I blame the Isles of Scilly for it.
The previous autumn, I’d taken myself down to Scilly for a week. In those pre-internet and mobile phone days this had, rather quaintly, involved going to a travel agents to arrange a return ticket on the Scillonian and to find myself a bed and breakfast on the main island, St Mary’s. There was a certain need for secrecy, as I was still a schoolboy and I knew my parents would not approve of my plans for a solo holiday.
Scilly, back then, enjoyed an enviable reputation as the destination in autumn for birders hoping to see rare birds – lost, vagrant birds migrating from their breeding grounds in North America or Siberia to their wintering quarters, blown thousands of miles off course. Hoping to see whatever blew in, every October thousands of birders would head to Scilly to spend a week or two walking the narrow lanes of the islands, peering through thick, lush hedges into sheltered bulb fields. The next bird could be the big one, a Hermit Thrush from the USA, a White’s Thrush from Siberia, or who knew what…

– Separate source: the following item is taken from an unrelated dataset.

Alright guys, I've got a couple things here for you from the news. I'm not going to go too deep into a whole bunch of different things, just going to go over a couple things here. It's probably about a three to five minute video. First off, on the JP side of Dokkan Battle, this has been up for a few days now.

The critical part of this was the walking. Scilly’s inhabited islands are pretty small and, provided you’ve a reasonable level of fitness, you can get around them entirely on foot. I’d thoroughly enjoyed my first birding holiday and, the following year, was ready to spread my wings further afield.

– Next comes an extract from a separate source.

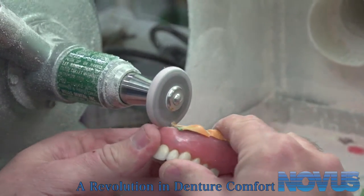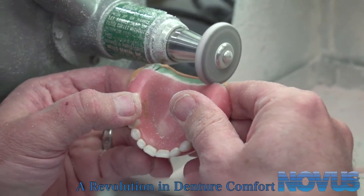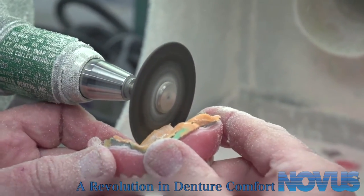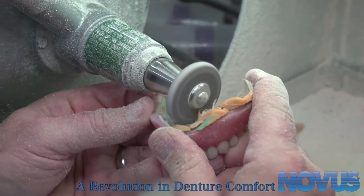Next, prepare the host denture by removing most, if not all, of the denture acrylic, like a rebase. This step is not necessary when processing a new denture.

Fair Isle, Shetland’s most famous island, was also renowned amongst birders for attracting rare birds, and that was where I was heading when I landed at Sumburgh.
The only problem was that, lulled into a false sense of security by Scilly’s compact size, I’d spectacularly underestimated the scale of Mainland Shetland alone. Tingwall, the airfield that services the outer islands, was over 25 miles away from Sumburgh. Who knew Shetland was so big?
It didn’t look that large, sat in the little box on the television weather maps.